*** Exercise data

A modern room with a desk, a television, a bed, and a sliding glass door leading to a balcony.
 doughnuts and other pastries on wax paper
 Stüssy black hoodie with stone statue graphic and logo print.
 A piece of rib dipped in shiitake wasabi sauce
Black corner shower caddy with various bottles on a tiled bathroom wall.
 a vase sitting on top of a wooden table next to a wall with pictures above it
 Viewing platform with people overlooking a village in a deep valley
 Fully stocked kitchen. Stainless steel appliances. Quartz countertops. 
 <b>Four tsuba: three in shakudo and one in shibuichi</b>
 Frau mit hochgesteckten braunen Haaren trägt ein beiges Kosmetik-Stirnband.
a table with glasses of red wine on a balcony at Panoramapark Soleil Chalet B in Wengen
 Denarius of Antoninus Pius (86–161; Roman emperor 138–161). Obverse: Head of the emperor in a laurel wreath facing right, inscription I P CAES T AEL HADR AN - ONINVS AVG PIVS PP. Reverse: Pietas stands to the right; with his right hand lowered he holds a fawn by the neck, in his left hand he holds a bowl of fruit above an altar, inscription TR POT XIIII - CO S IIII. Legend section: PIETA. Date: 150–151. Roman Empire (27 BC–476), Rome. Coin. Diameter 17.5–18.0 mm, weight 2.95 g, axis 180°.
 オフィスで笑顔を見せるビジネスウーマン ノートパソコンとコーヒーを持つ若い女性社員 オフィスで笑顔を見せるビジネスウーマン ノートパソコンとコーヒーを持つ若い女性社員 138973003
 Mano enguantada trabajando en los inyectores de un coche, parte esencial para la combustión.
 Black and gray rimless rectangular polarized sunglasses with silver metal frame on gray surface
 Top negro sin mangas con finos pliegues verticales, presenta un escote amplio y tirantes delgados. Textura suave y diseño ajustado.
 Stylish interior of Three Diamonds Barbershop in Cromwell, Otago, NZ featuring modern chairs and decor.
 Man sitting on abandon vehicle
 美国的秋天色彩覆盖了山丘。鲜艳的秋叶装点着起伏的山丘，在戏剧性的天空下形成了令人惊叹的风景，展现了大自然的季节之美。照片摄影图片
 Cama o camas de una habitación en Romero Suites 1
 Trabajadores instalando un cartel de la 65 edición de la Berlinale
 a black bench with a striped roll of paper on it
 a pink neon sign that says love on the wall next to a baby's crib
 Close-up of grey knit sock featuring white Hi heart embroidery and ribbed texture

******

Return exactly, please, the lines of the material from the first one down to and including the line where "a table with" appears.

# Solved exercise
A modern room with a desk, a television, a bed, and a sliding glass door leading to a balcony.
 doughnuts and other pastries on wax paper
 Stüssy black hoodie with stone statue graphic and logo print.
 A piece of rib dipped in shiitake wasabi sauce
Black corner shower caddy with various bottles on a tiled bathroom wall.
 a vase sitting on top of a wooden table next to a wall with pictures above it
 Viewing platform with people overlooking a village in a deep valley
 Fully stocked kitchen. Stainless steel appliances. Quartz countertops. 
 <b>Four tsuba: three in shakudo and one in shibuichi</b>
 Frau mit hochgesteckten braunen Haaren trägt ein beiges Kosmetik-Stirnband.
a table with glasses of red wine on a balcony at Panoramapark Soleil Chalet B in Wengen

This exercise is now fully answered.